New “Subflow Zone” Map Helps Property Owners Find Info About Water Beneath Their Land

New “Subflow Zone” Map Helps Property Owners Find Info About Water Beneath Their Land
Published
March 10, 2022

 

Map Showing the San Pedro River Watershed and Verde River Watershed

 

A rapidly developing area of hydrogeology involves the underground flow of water. In arid regions of the world, including Arizona, understanding how and where water flows underground is vital, especially for the people living on top of the ground.

Accumulating data that gives us a better “view” of underground water flow is important for understanding how underground flows and surface water sources interact, for example.

Such research also informs the adjudication of water rights in Arizona - a complex but vital area the law that helps determine a property owner’s legal right to surface and underground sources of water.

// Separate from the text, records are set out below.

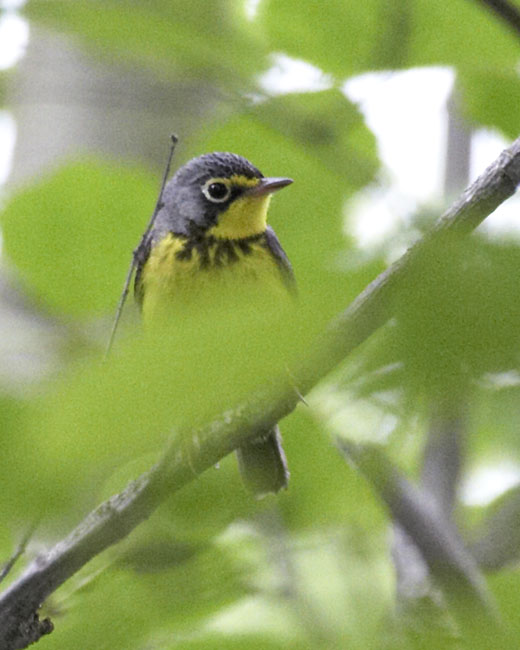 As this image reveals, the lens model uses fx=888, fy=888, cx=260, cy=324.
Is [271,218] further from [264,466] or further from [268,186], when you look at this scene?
[264,466]

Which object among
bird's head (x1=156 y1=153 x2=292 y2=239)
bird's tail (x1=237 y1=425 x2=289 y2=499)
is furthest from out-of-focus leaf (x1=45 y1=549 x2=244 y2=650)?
bird's head (x1=156 y1=153 x2=292 y2=239)

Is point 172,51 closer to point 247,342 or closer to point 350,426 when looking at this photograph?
point 350,426

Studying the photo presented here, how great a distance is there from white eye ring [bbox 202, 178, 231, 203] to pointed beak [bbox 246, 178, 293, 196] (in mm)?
260

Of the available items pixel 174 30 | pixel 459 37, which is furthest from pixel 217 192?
pixel 459 37

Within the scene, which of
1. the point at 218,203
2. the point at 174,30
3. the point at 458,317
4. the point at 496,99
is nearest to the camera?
the point at 458,317

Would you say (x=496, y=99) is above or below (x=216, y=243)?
below

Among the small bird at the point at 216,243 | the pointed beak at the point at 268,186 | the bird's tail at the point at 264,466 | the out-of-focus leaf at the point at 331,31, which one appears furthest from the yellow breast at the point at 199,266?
the out-of-focus leaf at the point at 331,31

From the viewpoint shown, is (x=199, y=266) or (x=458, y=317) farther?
(x=199, y=266)

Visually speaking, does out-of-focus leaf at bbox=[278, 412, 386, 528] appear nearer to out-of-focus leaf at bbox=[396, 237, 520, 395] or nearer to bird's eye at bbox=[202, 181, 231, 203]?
out-of-focus leaf at bbox=[396, 237, 520, 395]

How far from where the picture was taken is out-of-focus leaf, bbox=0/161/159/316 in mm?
2055

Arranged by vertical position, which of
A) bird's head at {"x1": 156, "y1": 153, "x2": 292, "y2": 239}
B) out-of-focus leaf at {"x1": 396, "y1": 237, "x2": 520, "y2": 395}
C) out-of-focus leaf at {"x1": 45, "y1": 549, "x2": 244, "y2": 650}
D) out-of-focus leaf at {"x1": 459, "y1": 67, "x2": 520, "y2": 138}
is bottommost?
out-of-focus leaf at {"x1": 396, "y1": 237, "x2": 520, "y2": 395}

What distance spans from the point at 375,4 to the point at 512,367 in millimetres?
1391

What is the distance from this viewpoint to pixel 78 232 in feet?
6.70

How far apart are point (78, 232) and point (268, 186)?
3.94ft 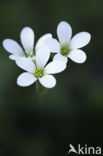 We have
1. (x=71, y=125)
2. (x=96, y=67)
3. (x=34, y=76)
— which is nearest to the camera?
(x=34, y=76)

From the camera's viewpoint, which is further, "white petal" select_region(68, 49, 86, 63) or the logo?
the logo

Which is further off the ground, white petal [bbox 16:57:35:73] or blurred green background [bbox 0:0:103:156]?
white petal [bbox 16:57:35:73]

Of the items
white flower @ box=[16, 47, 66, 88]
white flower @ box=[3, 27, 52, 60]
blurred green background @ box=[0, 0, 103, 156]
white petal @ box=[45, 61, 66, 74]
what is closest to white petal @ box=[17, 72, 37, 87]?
white flower @ box=[16, 47, 66, 88]

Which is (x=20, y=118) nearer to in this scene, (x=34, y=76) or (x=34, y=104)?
(x=34, y=104)

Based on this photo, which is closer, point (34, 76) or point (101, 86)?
point (34, 76)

The Arizona Department of Water Resources’ Adjudications division serves as the technical advisor for the State’s Adjudications Court. As such, ADWR provides maps and reports at the request of the Court to assist in the adjudication of those water rights within Arizona.   

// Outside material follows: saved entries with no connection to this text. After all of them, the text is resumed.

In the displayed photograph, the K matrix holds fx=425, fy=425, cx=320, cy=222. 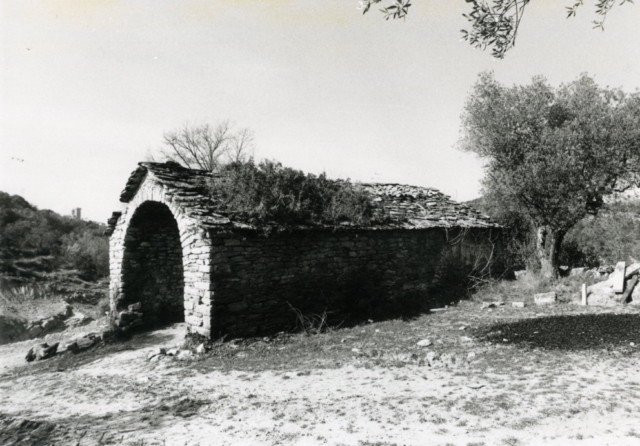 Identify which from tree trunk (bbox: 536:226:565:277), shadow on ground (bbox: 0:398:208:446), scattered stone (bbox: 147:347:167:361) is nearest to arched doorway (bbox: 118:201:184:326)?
scattered stone (bbox: 147:347:167:361)

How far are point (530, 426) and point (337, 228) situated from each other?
717cm

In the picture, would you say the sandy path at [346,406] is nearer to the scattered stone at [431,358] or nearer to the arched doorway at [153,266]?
the scattered stone at [431,358]

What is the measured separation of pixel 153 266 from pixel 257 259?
4344mm

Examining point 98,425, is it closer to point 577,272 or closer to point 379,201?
point 379,201

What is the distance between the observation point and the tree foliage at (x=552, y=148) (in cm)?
1312

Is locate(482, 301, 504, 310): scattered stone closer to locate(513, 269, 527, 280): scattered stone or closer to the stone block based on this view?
locate(513, 269, 527, 280): scattered stone

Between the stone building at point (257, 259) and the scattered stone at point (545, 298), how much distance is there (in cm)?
263

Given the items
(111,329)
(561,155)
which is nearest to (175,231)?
(111,329)

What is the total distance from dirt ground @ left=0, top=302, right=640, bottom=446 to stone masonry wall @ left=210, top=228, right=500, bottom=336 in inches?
33.6

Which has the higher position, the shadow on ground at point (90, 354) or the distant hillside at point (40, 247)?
the distant hillside at point (40, 247)

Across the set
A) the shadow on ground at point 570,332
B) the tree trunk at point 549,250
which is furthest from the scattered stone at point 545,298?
the tree trunk at point 549,250

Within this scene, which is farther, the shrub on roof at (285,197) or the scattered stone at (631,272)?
the scattered stone at (631,272)

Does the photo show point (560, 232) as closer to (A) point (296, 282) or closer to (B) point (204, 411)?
(A) point (296, 282)

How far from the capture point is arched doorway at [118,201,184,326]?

On December 30, 2021 ADWR Adjudications released a subflow zone report for a portion of the Verde River watershed.  The report was intended to assist the Court in distinguishing between subflow and other underground water consistent with Arizona law.  The report includes maps showing the proposed subflow zone.

The report garnered a great deal of attention. Since the release of the report, ADWR Adjudications has received over 300 inquiries about it, mainly from landowners within the Verde River watershed, an area that includes hundreds of unresolved water-rights claims. By and large, those inquiring property owners wanted to know whether or not their property fell within the proposed subflow zone.

 

The San Pedro Riparian National Conservation Area. Photo: Bob Wick, BLM California CC BY 2.0

 

With the assistance of the Department’s IT team, ADWR Adjudications set out to assist those landowners in determining whether or not their properties fall within the proposed subflow zone. Adjudications has posted the fruit of that effort - an interactive map now available on the Department's website - that allows the public to zoom into the areas covered by the proposed subflow zone. 

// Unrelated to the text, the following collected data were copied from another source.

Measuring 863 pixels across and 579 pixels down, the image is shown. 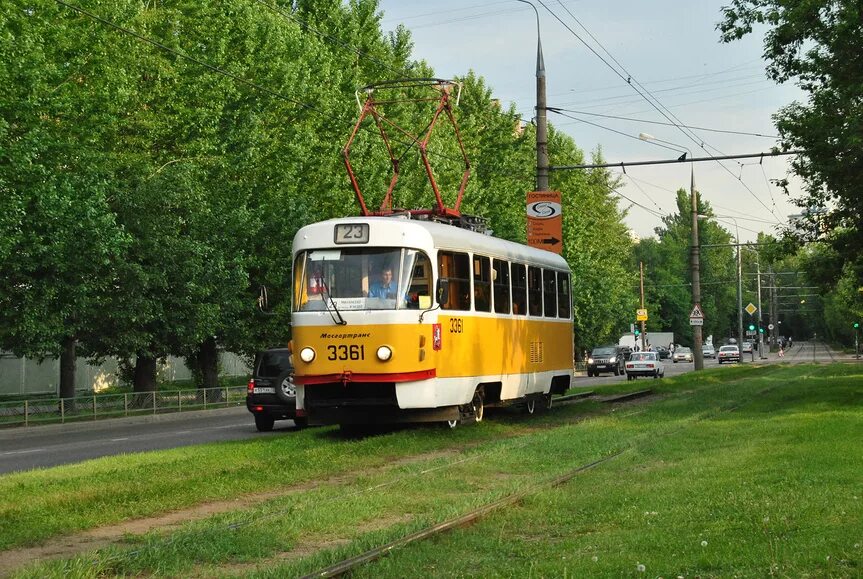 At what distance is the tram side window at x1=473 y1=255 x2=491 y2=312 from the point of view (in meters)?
21.6

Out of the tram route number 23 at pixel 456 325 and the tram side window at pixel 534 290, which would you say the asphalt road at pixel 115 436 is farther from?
the tram side window at pixel 534 290

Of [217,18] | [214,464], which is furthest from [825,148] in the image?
[217,18]

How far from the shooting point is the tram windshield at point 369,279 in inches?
768

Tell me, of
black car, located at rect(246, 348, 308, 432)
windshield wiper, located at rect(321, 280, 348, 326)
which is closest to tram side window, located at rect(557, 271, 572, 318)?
black car, located at rect(246, 348, 308, 432)

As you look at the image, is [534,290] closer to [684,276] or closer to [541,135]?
[541,135]

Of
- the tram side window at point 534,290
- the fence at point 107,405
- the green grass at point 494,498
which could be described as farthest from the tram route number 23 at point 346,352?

The map allows the public to see the boundary of the subflow zone laid over a more familiar topo or street map.  The map also allows users to enter an address to allow them to more specifically see where the proposed subflow zone is located in relation to their property.  

The map includes more than just the proposed Verde subflow zone, however.

It also includes the approved San Pedro subflow zone, so that landowners in the San Pedro River watershed can also see where their property is located in relation to the subflow zone. 

Finally, the site also includes a data download of both of the subflow zone maps, so that users with GIS software can access the data.  Previously, obtaining these data downloads required the submission of a public records request to the Department.